I want to take all the rows from File1 and say columns 1-7 (which are the same in all the files) and then add column 8 from File 2 and columns 9 and 10 from File3.
Note that File1 doesn't have a header but the other files do. Also, File1 has less lines than the other files which have the same number of lines.

The output would look like:
Code:
--- rs74078040 NA 51288690 T G 461652 0.99852 0.8558 1
--- rs77209296 NA 51303525 T G 461843 0.99992 0.8989 1
--- rs7985170 NA 51304203 C T 461852 0.99994 0.6754 1

Any help would be greatly appreciated.
Thanks!

Last edited by Franklin52; 10-17-2012 at 06:12 AM.. Reason: Please use code tags for data and code samples
# 2  
Old 10-16-2012
Hi

Assuming your files are a1, a2 and a3:

Code:
$ join -1 2 -2 2 -o  1.1,1.2,1.3,1.4,1.5,1.6,1.7,2.8 a1 a2  | join -1 2 -2 2 -o 1.1,1.2,1.3,1.4,1.5,1.6,1.7,1.8,2.9,2.10 - a3
--- rs74078040 NA 51288690 T G 461652 0.99852 0.8558 1
--- rs77209296 NA 51303525 T G 461843 0.99992 0.8989 1
--- rs7985170 NA 51304203 C T 461852 0.99994 0.6754 1

Guru.
# 3  
Old 10-17-2012
Hi guruprasadpr,
Many thanks for your reply. I have tried the command you suggest but it tells me: "join: File 2 is not in sorted order" which I think probably comes from the header line because column 4 is in sorted order.
Any suggestions how to get around that problem? I don't want to make a copy of the files without headers because they are quite big and our disk space is limited.
# 4  
Old 10-17-2012
If you don't mind using two awk..

try

Code:
awk 'FNR==NR{$NF="";$(NF-1)="";$(NF-2)="";a[$2]=$0;next}{if(a[$2]){print a[$2],$8}}' file1 file2 > temp

awk 'FNR==NR{a[$2]=$0;next}{if(a[$2]){print a[$2],$9,$10}}' temp file3

# 5  
Old 10-17-2012
Hi pamu, I wouldn't mind using more than one step even though in reality I have 5 files instead of 3.
Could you broadly explain the awk syntax please? My awk knowledge is almost zero.
Thanks for your reply!
# 6  
Old 10-17-2012
Quote:
Originally Posted by bartman2099
Could you broadly explain the awk syntax please? My awk knowledge is almost zero.
It's Better that you should read some basic of awk then Smilie

Read this first..

then read.. thisSmilie

Code:
awk 'FNR==NR{$NF="";$(NF-1)="";$(NF-2)="";a[$2]=$0;next}   # Read first file, make $NF,$(NF-1) and $(NF-2) NULL as we don't need those. Create an array a with $2 is index and which stores $0 ( whole line).                                                            

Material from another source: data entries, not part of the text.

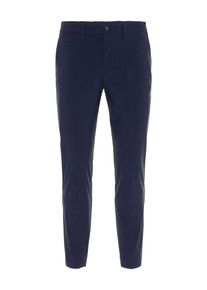 J. Lindeberg J.Lindeberg, Herren Hose 'M Ives Micro Stretch', Nachtblau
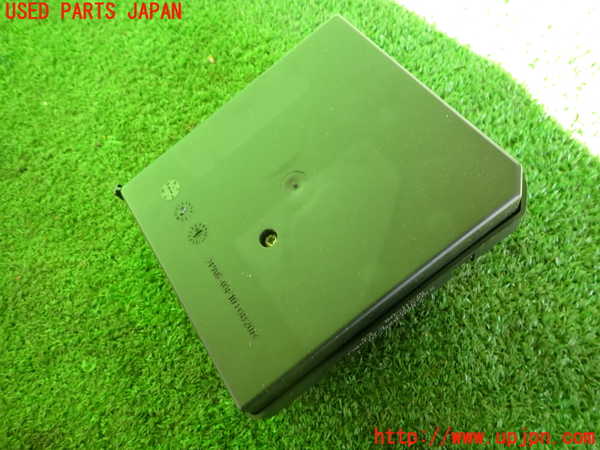 2UPJ-9236976742]BMW X3(PC25)ヒューズボックス2 中古 (E83)_2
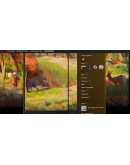 TOP STEAM АККАУНТ 200+ ИГР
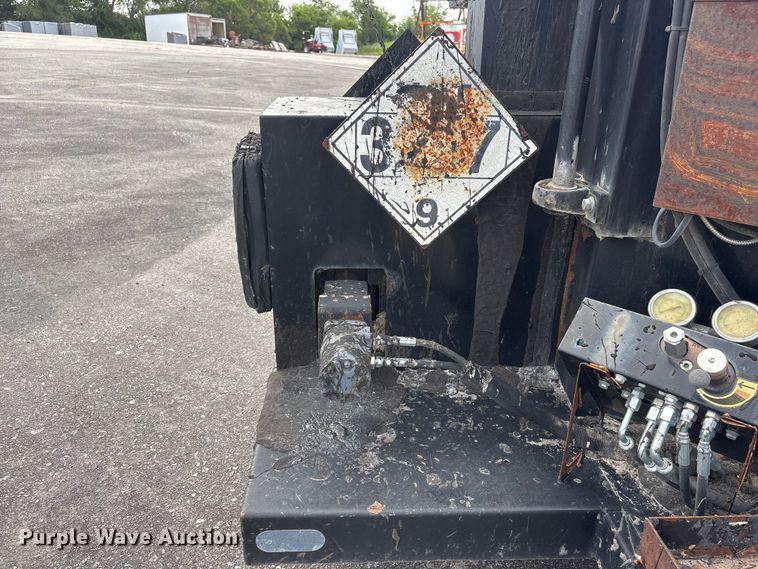 image for item DO5241 2015 Cimline Magma 150 melter applicator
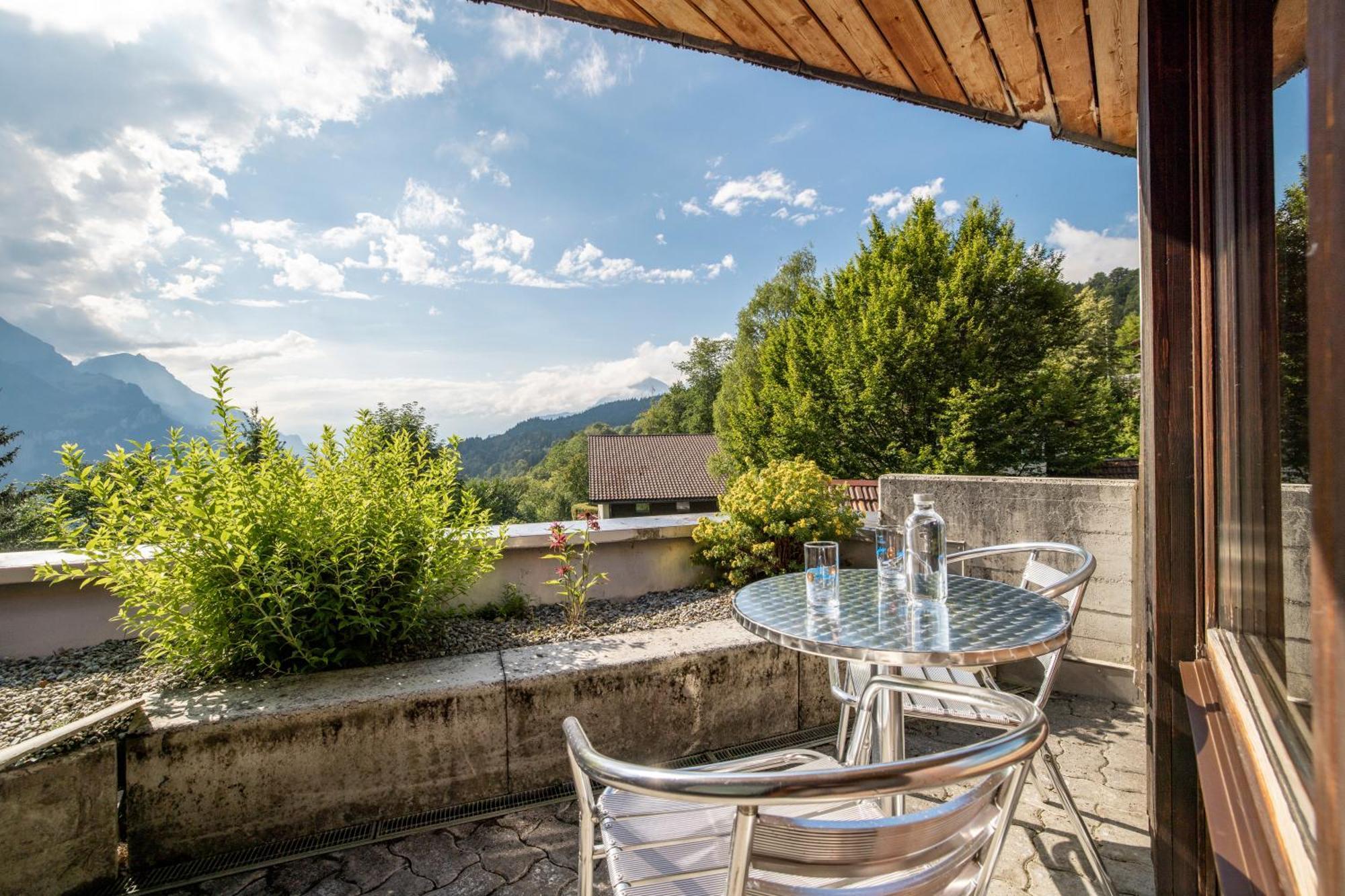 Hotel Panorama Hasliberg Εξωτερικό φωτογραφία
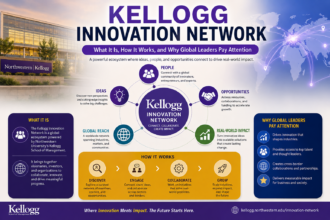 Kellogg Innovation Network: What It Is, How It Works, and Why Global Leaders Pay Attention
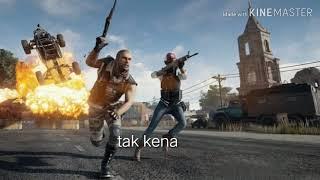 Dunia PUBG lebih luas dari laut #BNB'Skuaq #BNB'PUBG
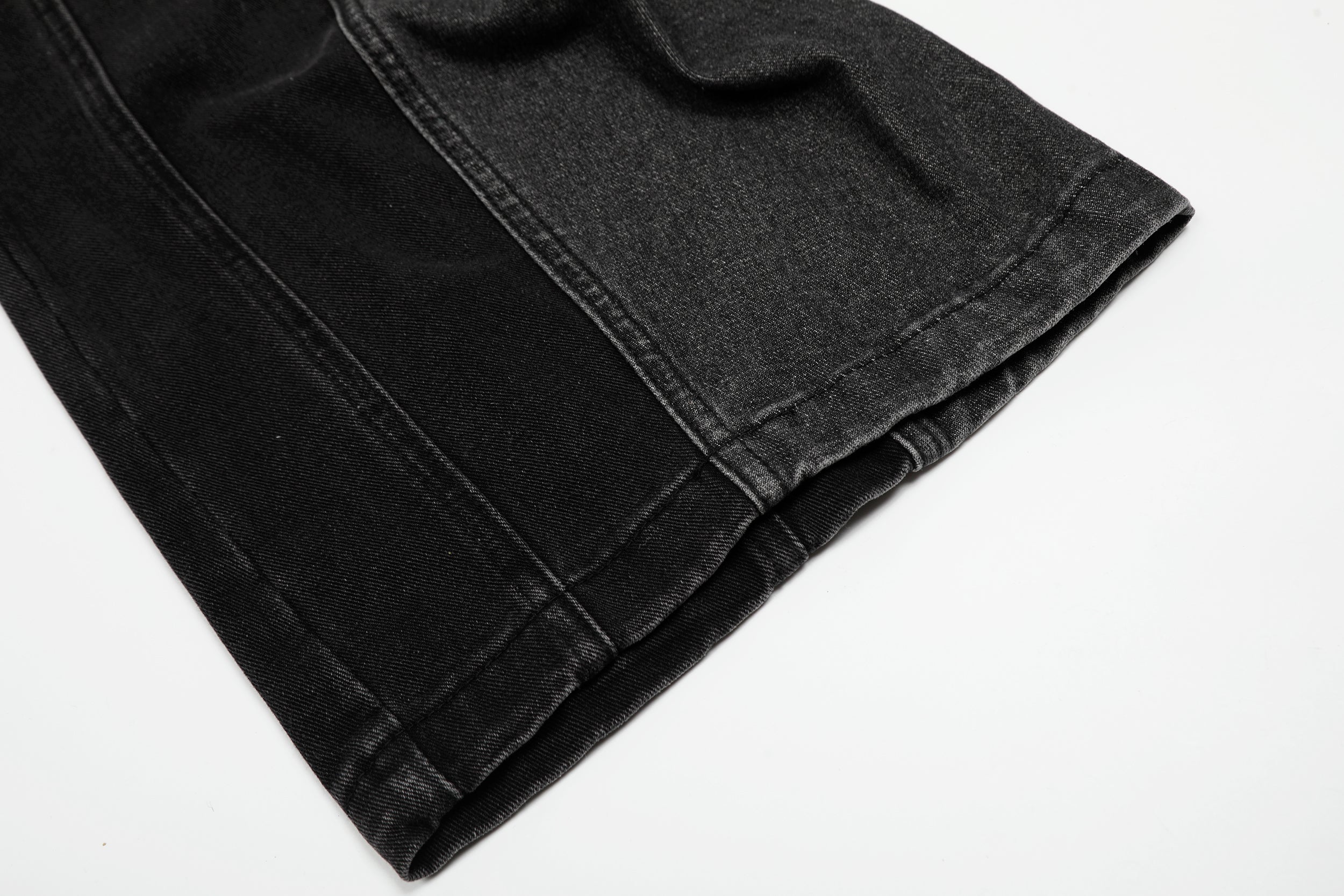 Omirad Layered Plaid Skirt-Pants | Deconstructed Streetwear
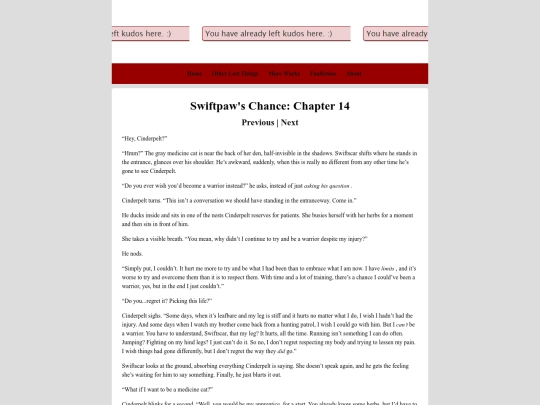 fanfiction/swiftpaws-chance14 screenshot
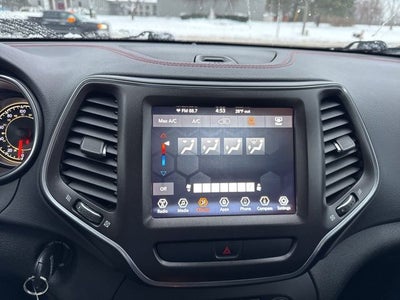 2020 Jeep Cherokee Trailhawk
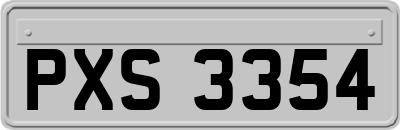 PXS3354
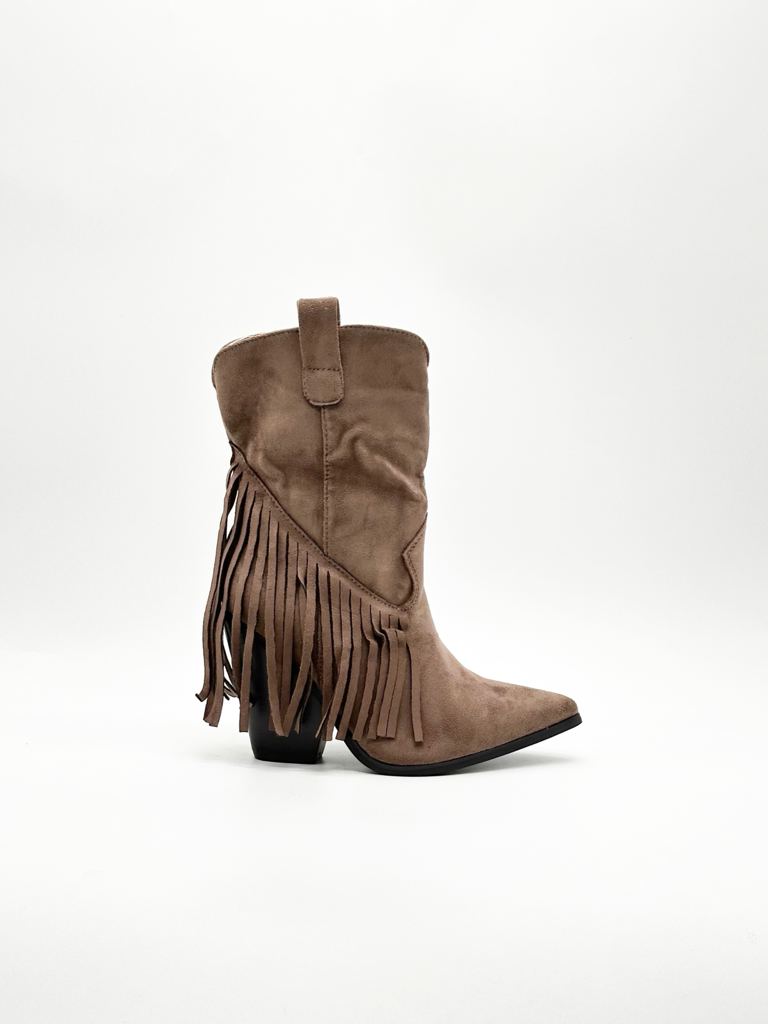 Camperos fringes 9677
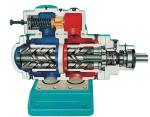 1.2Mpa Solids Control Well Drilling Fluid Screw Pump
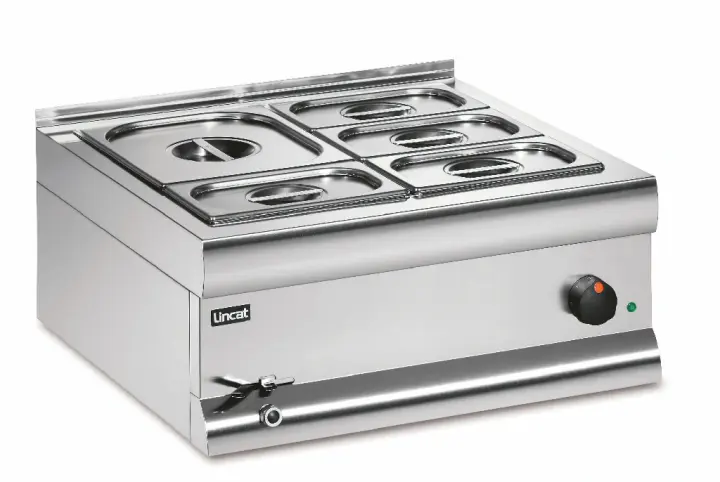 BM6AW - Lincat Silverlink 600 Electric Counter-top Bain Marie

{if(a[$2]){print a[$2],$8}}' file1 file2 > temp   # Here we are reading second file. Check if $2 present in this file or not. If it is present then file1 line matches with file2 line then print line from file1 and append $8 as you have requested. And write this to a new temp file.

awk 'FNR==NR{a[$2]=$0;next}  # Read temp file create an array a, which stores $0(whole line)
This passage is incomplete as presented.